The Court of Appeal, 236 So.2d 40, accepted the findings of the trial court that the appraisal of Angers represented fair market value, with this exception: the Court of Appeal found that Angers based his “evaluation of the lots on the basis that all lots could be sold on the day of the expropriation.” Averting to the history of the development, and noting that the developers moved in an orderly fashion in extending streets and utilities, the Court of Appeal deduced that “a five to ten year delay would be expected for improving these undeveloped lots and placing them on the market.” Consequently, Angers’ appraisal for certain of the tracts was reduced in the Court of Appeal.
*1197The State criticized Angers’ method of appraisal. It is argued that property not lying on a completed street with the utilities at hand should be valued on an acreage basis as “potential subdivision development.” Angers, on the other hand, used comparable sales to establish a front foot or square foot value of the lots which lay in various stages of development. He then computed the cost of converting the lots to fully developed subdivision property. These costs included necessary work to complete streets, drainage, sewage disposal and utilities. He then deducted the cost of such improvements from the value he had attributed to each lot.
Although there was a wide difference in the results reached by the two appraisers, we discern no basic difference in the appraisal methods. Each method was used in an attempt to determine market value. One method basically valued the land in the condition in which it was found at the time of the appraisal. The other valued the land as if it had been brought to readiness for its highest and best use and then subtracted the estimated cost of developing.
Angers himself recognized that there would be a substantial delay before the entire tract available to the developers was completed and sold. The existence of a market for the partially developed lots is a matter which an appraiser must consider in fixing market value.

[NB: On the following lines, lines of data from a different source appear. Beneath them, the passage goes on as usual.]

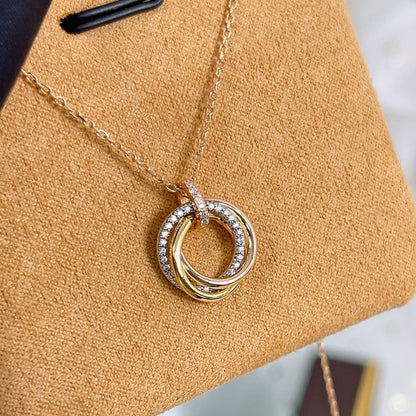 [LuckyStar]TRINITY HALSKETTE SILBER GOLD ROTGOLD DIAMANTEN
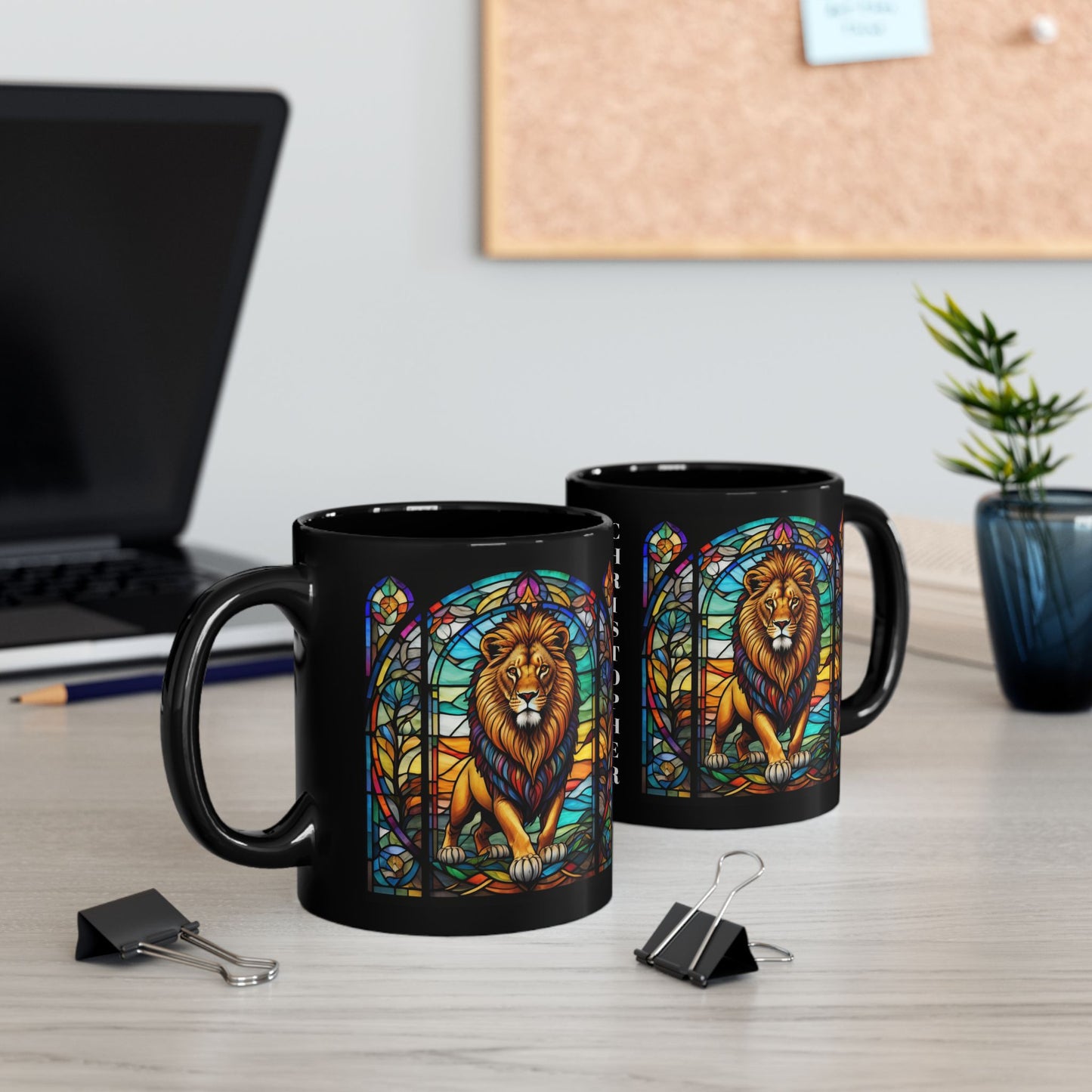 Lion personalized coffee mug, stained glass animal design, perfect gift for animal lovers.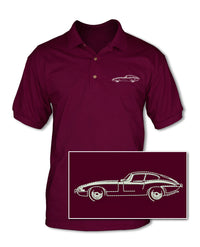 Jaguar E-Type XKE Coupe Adult Pique Polo Shirt - Side View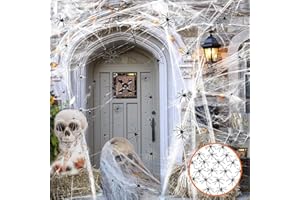 HUIFENGJIE Ragnatela Halloween,200g Spider Web +40 Nero Finti Ragni,Decorazioni Di Halloween Di Ragnatele Estensibili,Ragnatela Di Decorazione Di Halloween,Per La Decorazione Della Casa Infestata Decorazione
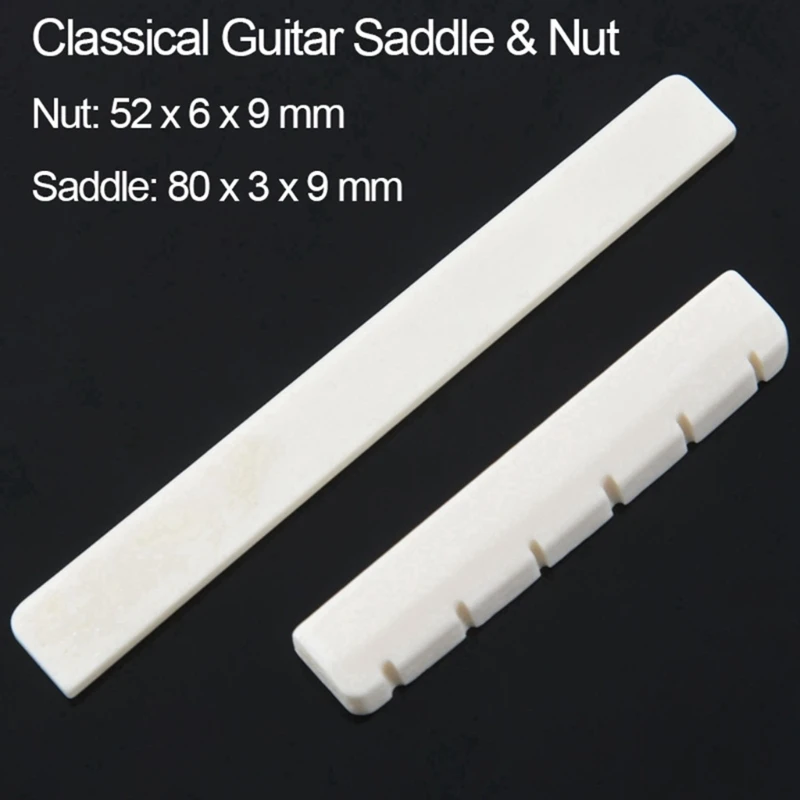Guitar Bone Bridge Saddle Nut Set 6 Strings Klasická gitara Buffalo Bone Guitarra náhradné diely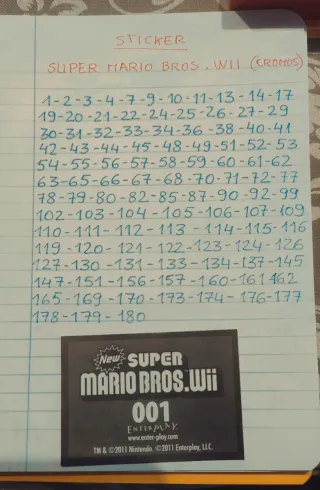 Cromos Super Mario Bros. Wii (Nintendo)
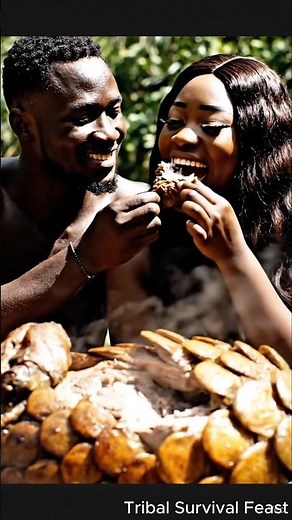 Tribal Cooking: Giant Pangolin Roast 🔥🦔 #shorts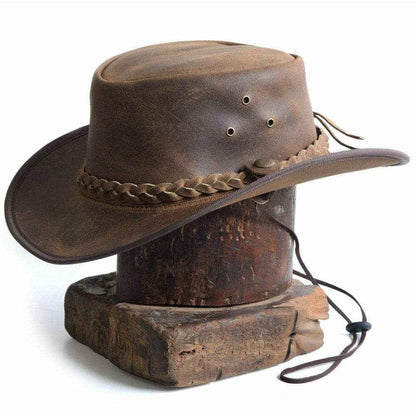 Leather Outback Hat Chin Strap & Braided Band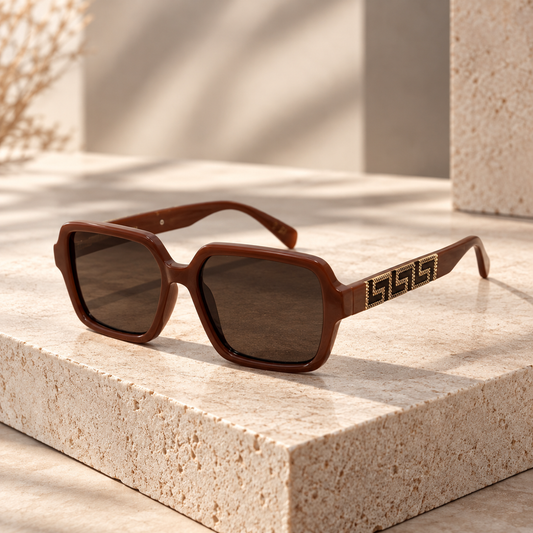 Brown Oversized Square Sunglasses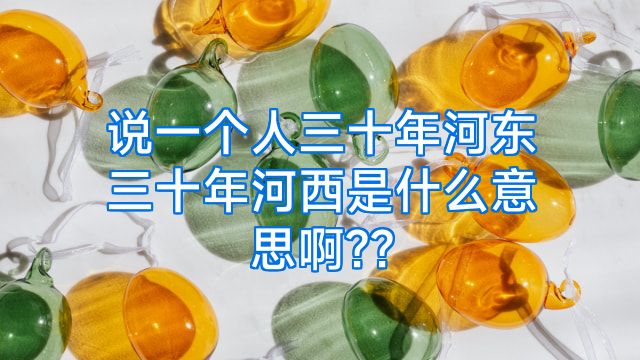 说一个人三十年河东三十年河西是什么意思啊??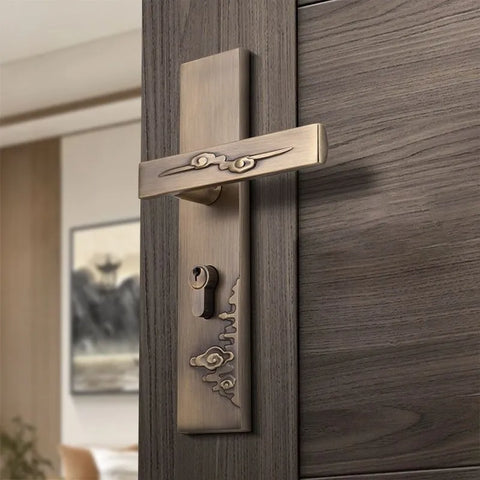 Door Lock Indoor Golden Split Bedroom Wooden Silent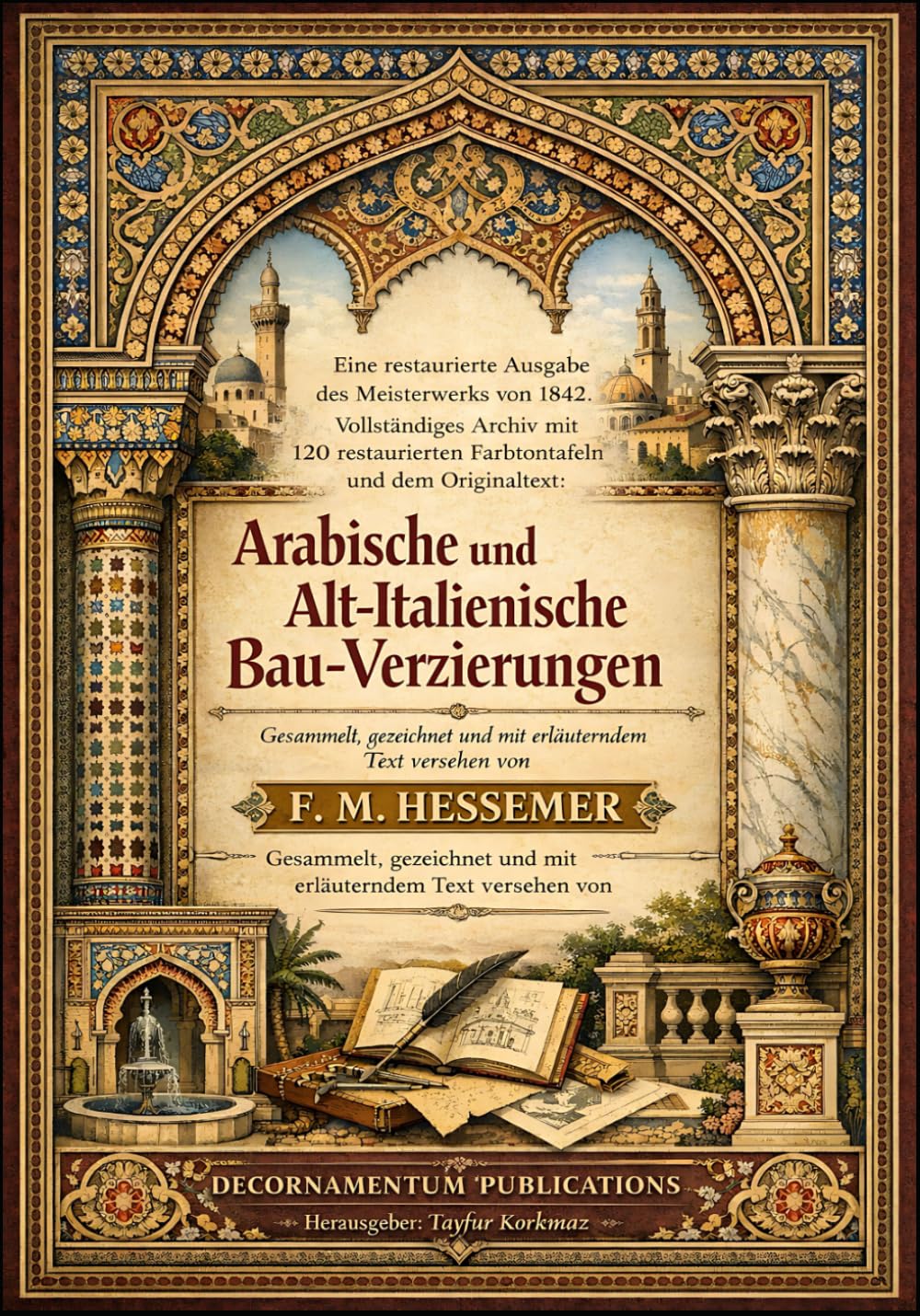 Eine restaurierte Ausgabe des Meisterwerks von 1842. Vollständiges Archiv mit 120 restaurierten Farbtontafeln und dem Originaltext: Arabische und Alt-Italienische Bau-Verzierungen.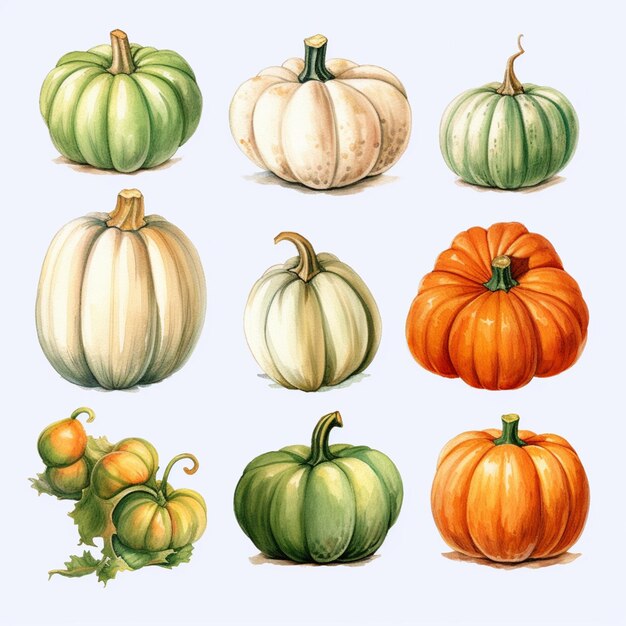 Photo there are many different types of pumpkins on the white background generative ai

The imposition of a delay factor of from five to ten years by the Court of Appeal did not render Angers’ evaluation more accurate.
There is no substantial error in the analysis of the appraisal evidence by the district court, and its judgment will be reinstated.
For these reasons, the judgment of the Court of Appeal is set aside, and it is ordered, adjudged and decreed that there be judgment herein in favor of the defendants, Charles A. Patout and Lawrence C. Richard, and against the plaintiff, the State of Louisiana, through the Department of Highways, in the amount of $137,178.00, subject to a credit of $58,800.-00 heretofore withdrawn by the defendants, with legal interest from the date of judicial demand until paid, and all costs.